After five days of losses the front month for the NBP, January, added 1.45p per therm yesterday

11 December 2024

Gas Market  

The January contract’s run of declines was halted after five days of losses as the market corrected yesterday following the sharp fall on Monday.  The front month for the NBP added 1.45p per therm having shed over 10.00p for the previous five sessions as earlier losses were reversed over the session on Tuesday. An unplanned outage at the Asgard field supported prompt prices on the continent which in turn lifted the NBP prompt.  Planned deliveries of LNG limited the gains yesterday and the Spot was a penny higher at 112.58p while the Day ahead added 1.30p as demand is expected to increase to counter for lower wind generation later in the week.

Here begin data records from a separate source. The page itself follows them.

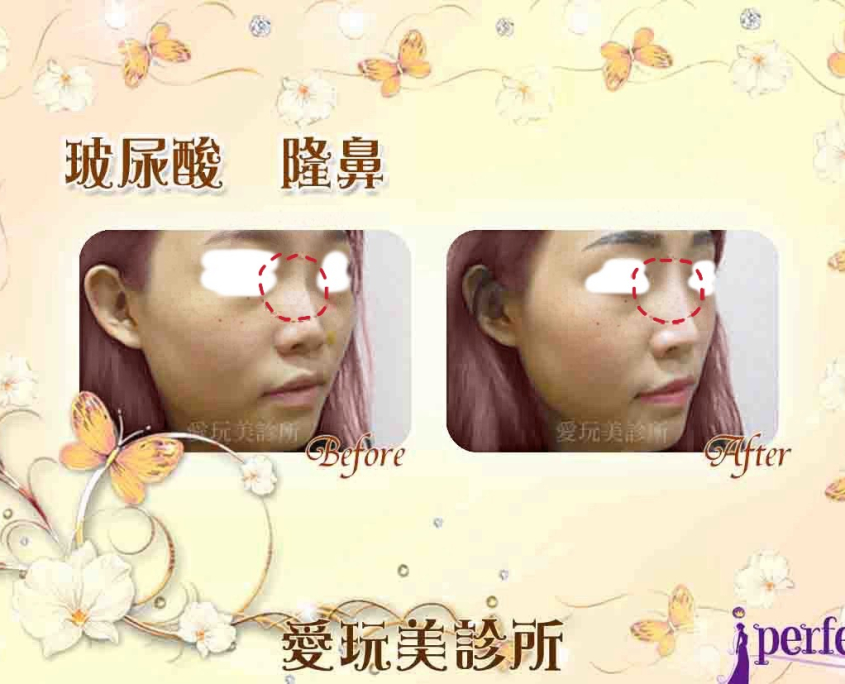 玻尿酸隆鼻
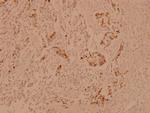CRYAB Polyclonal Antibody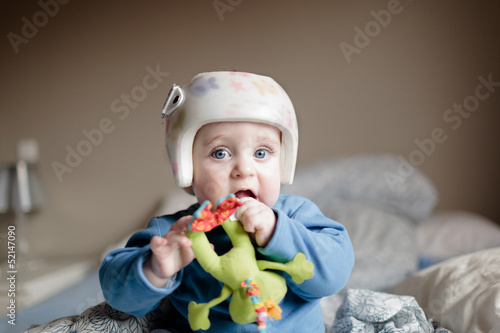 Photo: baby with helment for Plagiocephaly baby with helment for Plagiocephaly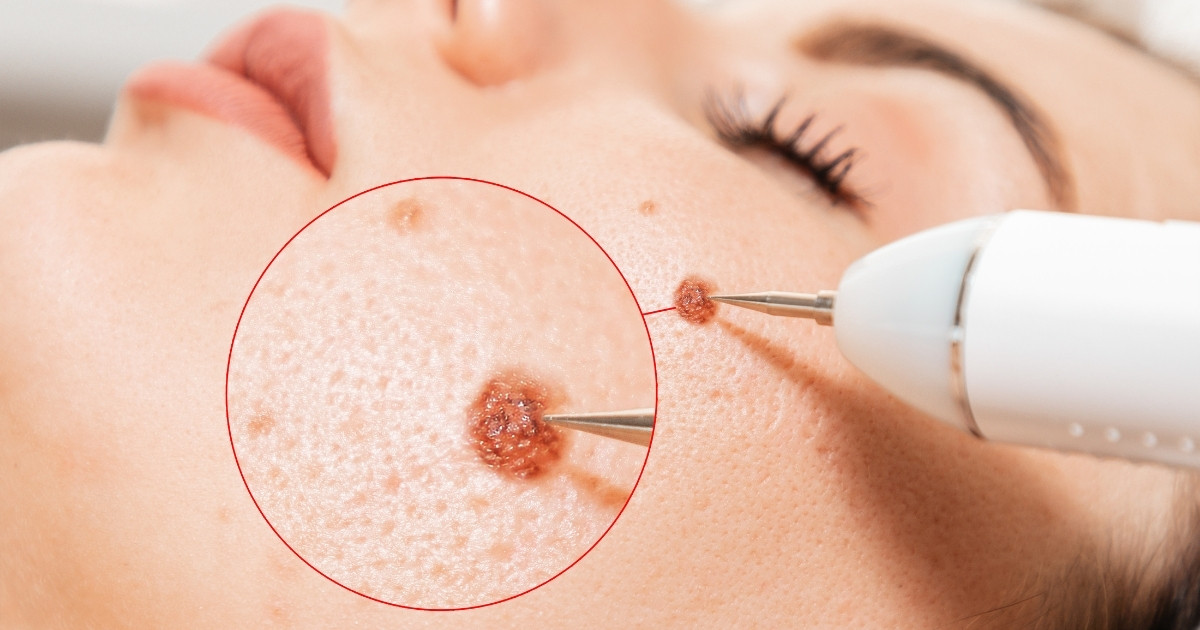 Cryotherapy Scar Removal_ An Overview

UK ports have received seven LNG deliveries so far this month with a further twelve more on route and expected by the end of the month.  

Power Market

Baseload futures tracked the NBP gas curve higher in the afternoon session on Tuesday as near months settled an average of £1.50/MWh higher. The front month added £1.83/MWh but remains £5.32/MWh down for the last week.  Higher carbon also added some upside yesterday as EUA contracts out to Dec-2026 increased by 2.7% ahead of the options expiry on Wednesday. Forecasts for low wind generation sent the Day ahead to a fresh high for the year yesterday as the contract settled at £180.96/MWh. Wind is expected to fall below 5.0GW on Wednesday and decline further going into the weekend having averaged almost 15.0GW for the past week.   

Oil Market

After some earlier volatility, the crude oil markets moved sideways on Tuesday as both benchmarks recorded minor gains.  The February contract for Brent added just 5 cents a barrel while West Texas Intermediate for January delivery settled 22 cents a barrel higher.  Earlier support from a looser fiscal policy for 2025 from the Chinese government and increased crude oil imports during November were countered later in the session with news that Syria’s oil sector was to resume operations.  Although not a large oil producer, Syria has strong links with Iran and Russia and the news lowered the risk of possible oil disruption in the region. The U.S. Federal Reserve is due to meet next week and it’s not clear at this stage if the Fed will reduce interest rates again, but much will depend on this week’s U.S. inflation data.  

Markets this morning

A compressor failure at Kollsnes has added to the Norwegian export woes this morning but just 6mcm of supply is expected to be impacted for the next 5 days while the issue is rectified.  The GB gas system is forecast long against today’s demand of 333mcm, and LNG send out is a robust 99mcm as facilities make room for impending deliveries.  In the markets, prompt prices are unmoved so far but near months are down by around a penny having traded within +/- 1.50p of last night’s close. Crude oil prices have opened higher with Brent for February delivery adding 70 cents to last exchange at $72.89 a barrel.